Macchine per pensare

Roberto Persico
Francesco Varanini
Guerini, 320 pp., 21,50 euro

    Francesco Varanini è un personaggio che sfugge a ogni classificazione. Nato come etnografo, autore di un “Viaggio letterario in America latina” ammirato da Guillermo Cabrera Infante, racconta di aver vissuto il suo primo incontro con un personal computer “come un’agnizione”. Da allora – erano gli inizi degli anni Ottanta – la sua carriera nell’ambito dell’editoria (è stato, fra l’altro, direttore della casa editrice di Cuore e fondatore di Internazionale) è sempre stata legata all’uso dell’informatica più avanzata. Negli ultimi vent’anni si è occupato di formazione, management, innovazione (ma detto così è un po’ riduttivo) in mille ambiti e con innumerevoli partner, senza mai perdere di vista gli intrecci di cultura e tecnologia; da qui, tra l’altro, il suo impegno come docente universitario di “Tecnologie dell’informazione e produzione della letteratura” nel corso di Informatica umanistica dell’Università di Pisa; sempre da qui l’ambizioso progetto di un “Trattato di informatica umanistica” di cui “Macchine per pensare” è il primo volume, che ripercorre preistoria e storia del computer per coglierne le prospettive. La prima affonda le sue radici nella filosofia moderna, nel sogno di Cartesio e di Leibniz di costruire un linguaggio perfetto, un sistema in grado di tradurre ogni aspetto della realtà in segni e regole inequivocabili, secondo la celebre immagine del tedesco: “Quando sorgeranno controversie non ci sarà maggior bisogno di discussione tra due filosofi di quanto ce ne sia tra due calcolatori. Sarà sufficiente, infatti, che essi prendano la penna in mano, si siedano a tavolino, e si dicano reciprocamente (chiamato, se loro piace, un amico): calcoliamo”.

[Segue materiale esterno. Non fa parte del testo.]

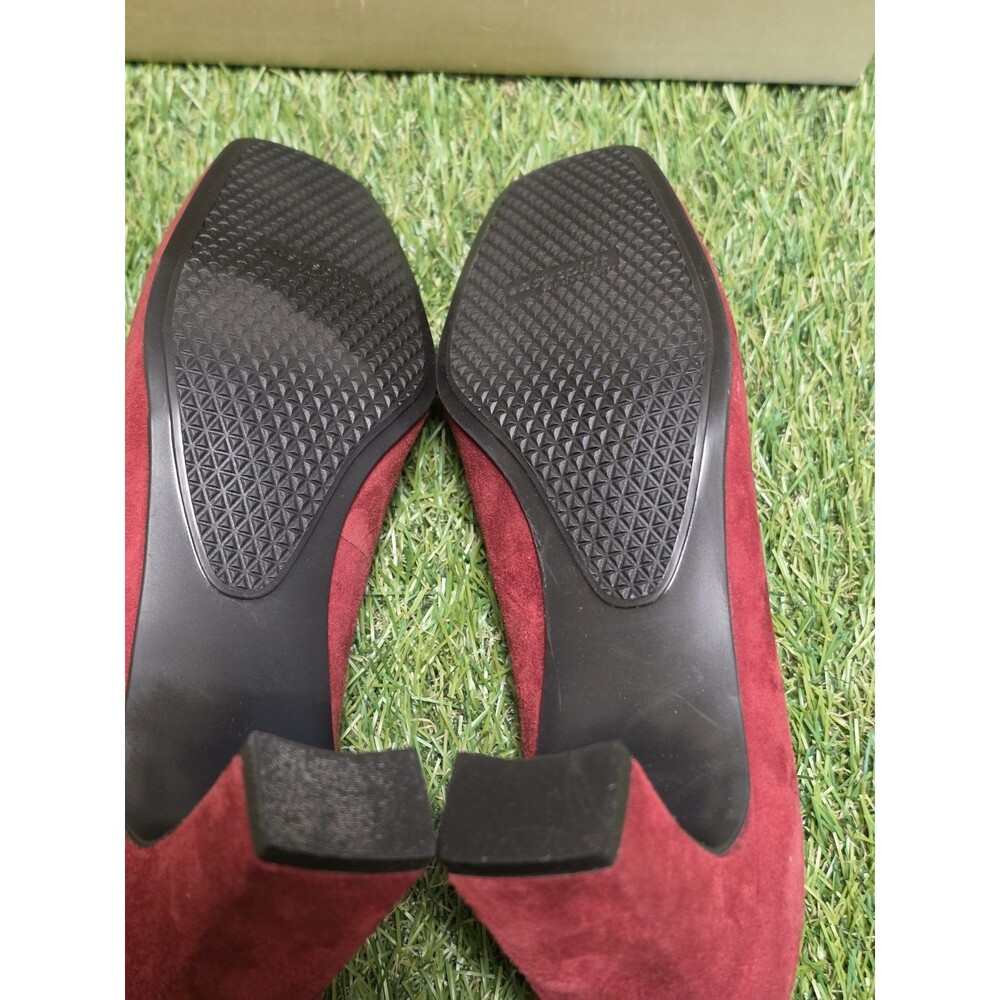 Vintage Easy Spirit ESFAWN Red Apple Suede Anti Gravity Heels Size 6 1/2 NIB - Picture 9 of 16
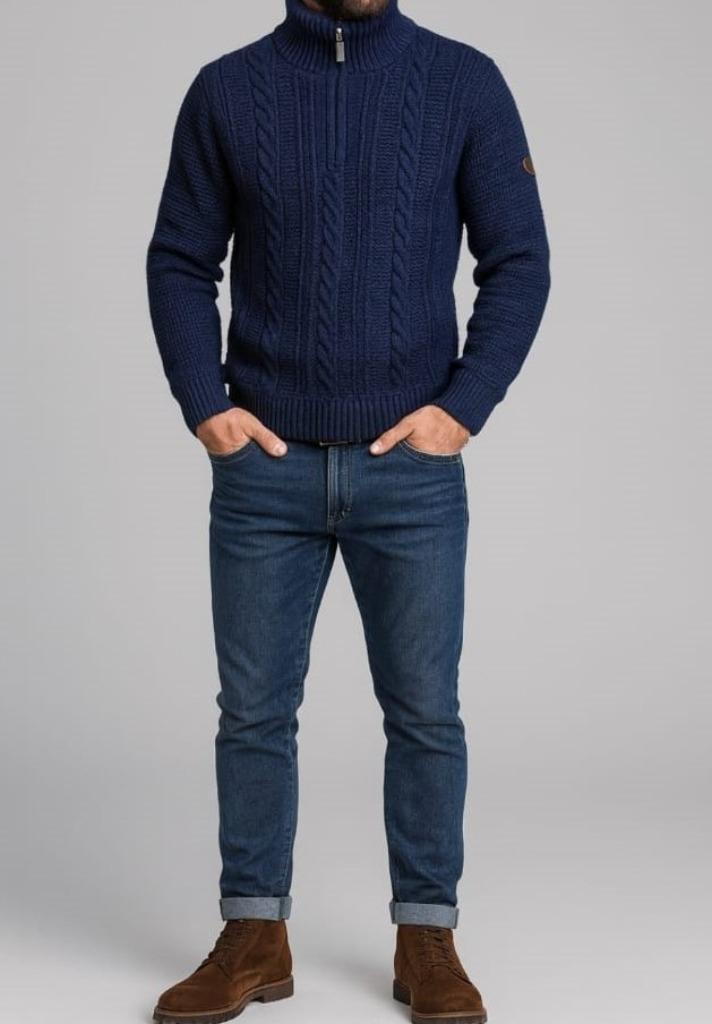 navyblauwe trui van Sailing Comp. maat XS, Kleding | Heren, Truien en Vesten, Zo goed als nieuw, Maat 46 (S) of kleiner, Blauw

    La storia si dipana nei decenni drammatici tra le due guerre mondiali, tra le “macchine di Hollerith” – i primi dispositivi a schede perforate, capaci di immagazzinare e restituire una mole impressionante di dati, in grado di dettare tempi e metodi dell’organizzazione aziendale, e poi dell’organizzazione statale, e poi della “soluzione finale” – e quelle di Konrad Zuse, che nel suo appartamento di Berlino progetta il primo calcolatore basato su un codice binario (le pagine dedicate al clima culturale e sociale della Germania degli anni Venti e Trenta sono tra le più fascinose del libro); per seguire poi la migrazione delle menti tedesche sull’altra sponda dell’Atlantico. Arriviamo così alle prospettive, e lasciamo la parola a Varanini: “Qualunque percorso si segua, si arriva in ogni caso inevitabilmente a una biforcazione. Vediamo due macchine. Da un lato l’idea della macchina come sostituto dell’uomo, la macchina perfetta che ci guida e ci governa e ci libera dalla paura. La macchina che pensa al posto dell’uomo. Infine: un Computer-Dio. Dall’altro lato la macchina come stampella del claudicante cammino umano, il computer che accompagna l’uomo”. Su questa seconda via, un importante, inatteso alleato è il web: “Ci troviamo sotto gli occhi un rovesciamento paradossale. Proprio tramite i computer, macchine nate nel quadro del progresso logicista, abbiamo accesso allo sconfinato, sinistro, perturbante, spaesante – ma enormemente ricco – World Wide Web”. Qui è impossibile separare nettamente credenze e verità: “Ci muoviamo nella sterminata rete mossi da ‘oscure congetture’. Ma non per questo il Web cessa di essere fonte di conoscenza. Al contrario: muoversi seguendo oscure congetture è il modo per portare alla luce quella conoscenza che la logica formale e le procedure del computing scartano”. Uomo a servizio della macchina o macchine a servizio dell’uomo, dunque: la partita è aperta. E il libro di Varanini è una scorrevole e dotta guida a comprenderne la logica.